Fiscalité des revenus issus de la vente de photos de pieds
L’aspect fiscal est celui que les vendeurs sous-estiment le plus. Les guides publiés en 2026 à destination des créateurs de contenu en ligne sont formels : tout revenu est imposable dès le premier euro, même occasionnel. Vendre trois photos par mois sur FeetFinder ou via un réseau social ne dispense pas de déclaration.
Deux options principales se présentent pour structurer cette activité :
- La micro-entreprise (anciennement auto-entreprise) : le statut le plus utilisé par les vendeurs réguliers. Les revenus sont déclarés sous le régime micro-BNC (bénéfices non commerciaux) avec un abattement forfaitaire.
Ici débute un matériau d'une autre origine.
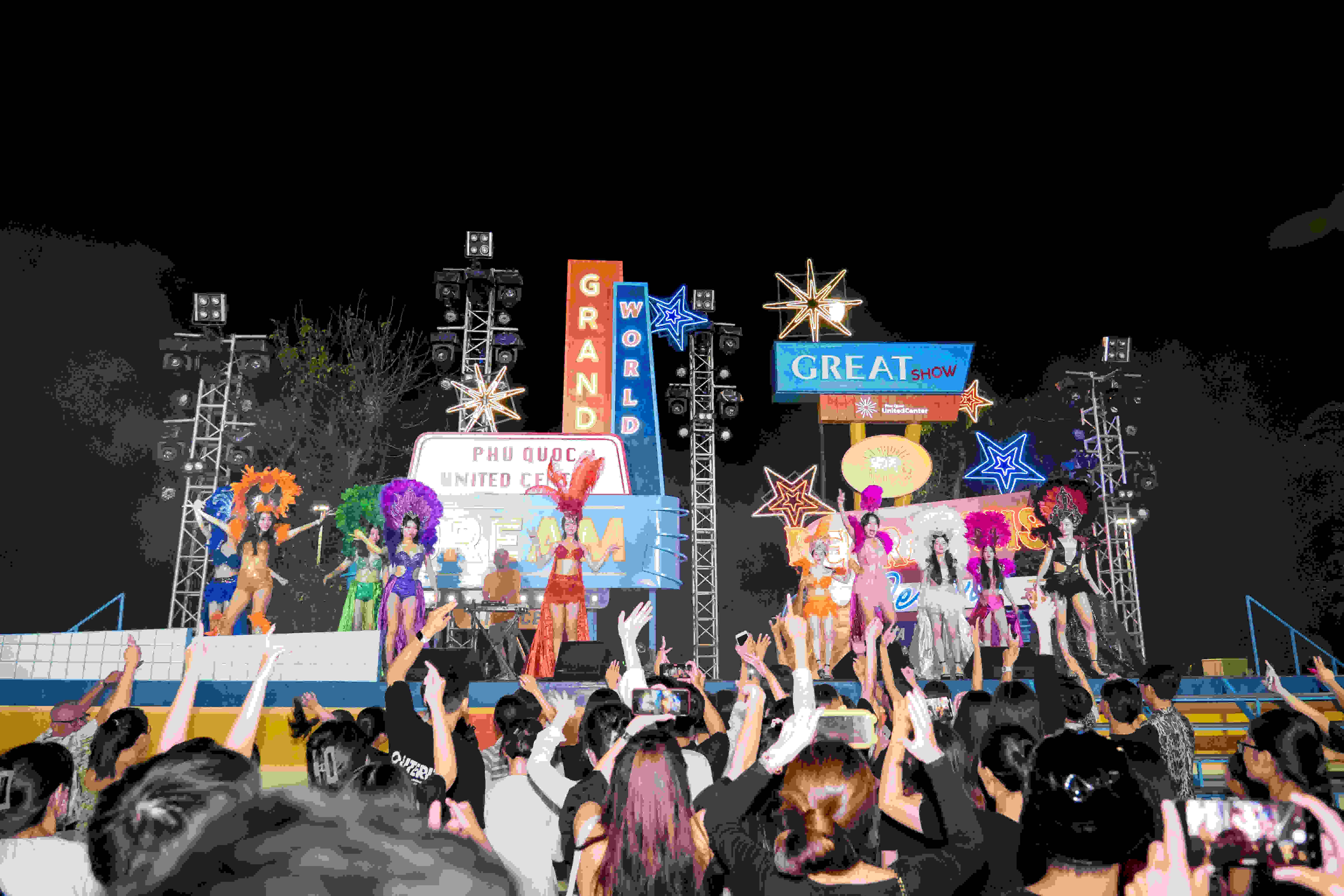 pho bia Tay Beeravans anh 10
L’inscription se fait en ligne auprès de l’URSSAF.
- La déclaration complémentaire de revenus (formulaire 2042-C) : pour les vendeurs occasionnels qui ne souhaitent pas créer de structure, les sommes perçues doivent figurer dans la déclaration annuelle de revenus au titre des bénéfices non commerciaux.
- Le prélèvement à la source pour les indépendants : les micro-entrepreneurs sont soumis à des acomptes mensuels ou trimestriels calculés sur la base de leurs revenus déclarés.
Ne rien déclarer expose à un redressement fiscal. Les plateformes de vente transmettent de plus en plus fréquemment les données de revenus aux administrations fiscales, y compris pour des montants modestes.
Droit à l’image et article 226-8 : le risque de détournement
Vendre une photo de ses pieds, c’est diffuser une image de soi. Le droit à l’image s’applique donc pleinement. Le vendeur conserve la maîtrise de l’utilisation de ses clichés, et tout usage non autorisé par un acheteur (republication, revente, montage) constitue une atteinte.
L’article 226-8 du code pénal, modifié en 2024, renforce la protection contre les détournements numériques. Toute manipulation d’image par intelligence artificielle sans consentement est désormais sanctionnée. Ce texte concerne directement les vendeurs de photos de pieds : un acheteur qui utiliserait un cliché pour générer des deepfakes ou des montages tombe sous le coup de cette disposition.
Vérifications avant de publier sur une plateforme
Le choix de la plateforme conditionne le niveau de protection. Avant de s’inscrire, plusieurs points méritent d’être examinés :
- Les conditions générales prévoient-elles un transfert de droits sur les images publiées ? Certaines plateformes s’octroient une licence d’utilisation très large.
- Le système de paiement est-il sécurisé et conforme aux normes européennes (DSP2) ? Les transactions directes via PayPal ou virement sans intermédiaire fiable augmentent le risque d’arnaque.
- La plateforme vérifie-t-elle l’âge des utilisateurs ? La protection des mineurs est une ligne rouge absolue : tout contenu impliquant un mineur expose à des poursuites pénales lourdes.
- Existe-t-il une procédure de signalement et de retrait rapide en cas de diffusion non consentie ?

Protection des mineurs et limites pénales absolues
La vente de photos de pieds par un mineur ou impliquant un mineur est interdite, sans exception. Les plateformes spécialisées imposent en théorie une vérification d’âge, mais les réseaux sociaux utilisés en parallèle (Instagram, Telegram, Twitter) n’offrent aucune garantie comparable.
Tout adulte qui sollicite, achète ou diffuse des photos de pieds d’un mineur s’expose à des poursuites pour exploitation de l’image d’un mineur. La qualification pénale ne dépend pas du caractère sexuel explicite du contenu : c’est l’âge du sujet photographié qui détermine le régime applicable.
La proposition de loi de février 2026 sur l’exploitation sexuelle en ligne renforce ce volet en ciblant aussi les agents et intermédiaires. Un manager qui gère le compte d’un vendeur mineur risque des peines allant jusqu’à sept ans d’emprisonnement.
Le cadre légal français permet de vendre des photos de ses pieds sans risque pénal, à condition de respecter trois piliers : déclarer chaque euro perçu au fisc, protéger son droit à l’image en choisissant des plateformes fiables, et ne jamais impliquer de mineur. La nouvelle législation sur l’exploitation sexuelle en ligne, encore en cours de navette parlementaire, ajoute une couche de vigilance pour quiconque produit du contenu personnalisé ou fait appel à un intermédiaire.